Find the field produced by a uniformly charged sheet carrying 93pC/cm2 .
To find the electric field produced by a uniformly charged sheet, you can use Gauss's law. Gauss's law states that the electric flux through any closed surface is equal to the total charge enclosed by the surface divided by the permittivity of free space (ε₀).
Here are the steps to find the electric field:
1. Start by considering an imaginary Gaussian surface. For a uniformly charged sheet, a convenient choice is a cylinder with one endcap parallel to the sheet and the other endcap perpendicular to it. This allows us to take advantage of the symmetry of the sheet.
2. Determine the charge enclosed by the Gaussian surface. The charge enclosed is the product of the charge density (σ) and the area of the Gaussian cylinder (A).
Charge (Q) = σ × A
Here, the charge density (σ) is given as 93 pC/cm². To convert this to the SI unit of Coulombs/m², divide by 10⁴ as 1 C = 10⁻⁴ C.
σ = (93 × 10⁻¹² C/cm²) ÷ 10⁴ = 9.3 × 10⁻⁸ C/m²
The area of the Gaussian cylinder (A) depends on the specific geometry being considered.
3. Apply Gauss's law to find the electric field.
Gauss's law states: Electric flux (Φ) = Q / ε₀
The electric field (E) is related to the electric flux by: Φ = E × A, where A is the area of the endcap of the Gaussian cylinder perpendicular to the sheet.
Rearranging the equations, we get: E = Q / (ε₀ × A)
4. Substitute the values into the equation.
We can use the value of σ = 9.3 × 10⁻⁸ C/m² we calculated earlier and the known value of the permittivity of free space (ε₀ = 8.854 × 10⁻¹² C²/N·m²).

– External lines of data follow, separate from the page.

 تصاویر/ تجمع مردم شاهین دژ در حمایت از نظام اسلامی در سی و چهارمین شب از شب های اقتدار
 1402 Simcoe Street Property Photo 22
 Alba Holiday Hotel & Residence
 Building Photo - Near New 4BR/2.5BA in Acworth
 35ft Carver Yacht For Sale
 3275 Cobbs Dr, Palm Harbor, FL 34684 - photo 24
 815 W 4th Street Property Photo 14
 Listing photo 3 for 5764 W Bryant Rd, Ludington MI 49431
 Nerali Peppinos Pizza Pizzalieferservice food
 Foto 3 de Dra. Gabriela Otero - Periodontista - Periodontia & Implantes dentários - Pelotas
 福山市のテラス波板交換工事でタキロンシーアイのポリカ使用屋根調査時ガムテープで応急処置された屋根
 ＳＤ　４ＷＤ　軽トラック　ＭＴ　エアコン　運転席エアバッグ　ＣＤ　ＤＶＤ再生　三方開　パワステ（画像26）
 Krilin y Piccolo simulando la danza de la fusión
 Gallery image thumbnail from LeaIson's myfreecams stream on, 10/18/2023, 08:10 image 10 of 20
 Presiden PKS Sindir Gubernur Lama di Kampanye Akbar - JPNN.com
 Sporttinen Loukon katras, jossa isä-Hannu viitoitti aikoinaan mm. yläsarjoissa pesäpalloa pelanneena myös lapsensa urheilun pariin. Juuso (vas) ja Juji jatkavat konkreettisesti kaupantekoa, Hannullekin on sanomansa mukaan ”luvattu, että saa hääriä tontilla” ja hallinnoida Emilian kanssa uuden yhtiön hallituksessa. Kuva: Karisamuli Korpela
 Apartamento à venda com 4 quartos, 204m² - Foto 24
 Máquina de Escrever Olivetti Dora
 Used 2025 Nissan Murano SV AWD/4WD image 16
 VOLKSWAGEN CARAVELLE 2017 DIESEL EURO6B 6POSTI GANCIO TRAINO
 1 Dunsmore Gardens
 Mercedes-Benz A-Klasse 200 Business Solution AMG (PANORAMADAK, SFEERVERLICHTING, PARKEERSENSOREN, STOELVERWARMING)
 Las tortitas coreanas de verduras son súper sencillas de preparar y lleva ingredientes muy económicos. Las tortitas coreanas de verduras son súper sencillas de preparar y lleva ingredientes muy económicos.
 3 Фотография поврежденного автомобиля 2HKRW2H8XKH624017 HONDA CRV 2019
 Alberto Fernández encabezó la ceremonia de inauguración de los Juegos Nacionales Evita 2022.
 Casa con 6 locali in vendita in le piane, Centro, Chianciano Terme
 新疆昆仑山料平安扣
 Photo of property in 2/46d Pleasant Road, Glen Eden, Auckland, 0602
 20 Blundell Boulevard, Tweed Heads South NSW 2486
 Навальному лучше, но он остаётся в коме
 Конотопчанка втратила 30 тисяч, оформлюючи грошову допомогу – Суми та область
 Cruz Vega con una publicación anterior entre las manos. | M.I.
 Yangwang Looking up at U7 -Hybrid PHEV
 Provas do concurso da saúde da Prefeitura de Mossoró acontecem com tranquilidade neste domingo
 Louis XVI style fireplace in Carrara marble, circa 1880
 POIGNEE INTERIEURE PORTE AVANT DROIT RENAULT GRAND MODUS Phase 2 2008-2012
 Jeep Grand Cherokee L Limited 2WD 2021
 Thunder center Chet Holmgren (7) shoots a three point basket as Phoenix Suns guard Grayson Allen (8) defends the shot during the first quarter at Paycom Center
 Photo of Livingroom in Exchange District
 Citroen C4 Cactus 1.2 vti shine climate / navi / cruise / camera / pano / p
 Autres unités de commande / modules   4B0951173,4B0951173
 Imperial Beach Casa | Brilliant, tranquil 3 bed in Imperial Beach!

E = (9.3 × 10⁻⁸ C/m²) / (8.854 × 10⁻¹² C²/N·m² × A)
5. Finally, calculate the electric field (E) by evaluating the expression using the specific dimensions of the Gaussian surface.
Since you haven't provided the dimensions of the sheet, you would need to substitute the appropriate area (A) value based on the dimensions of the Gaussian surface perpendicular to the sheet.
By following these steps, you should be able to calculate the electric field produced by the uniformly charged sheet.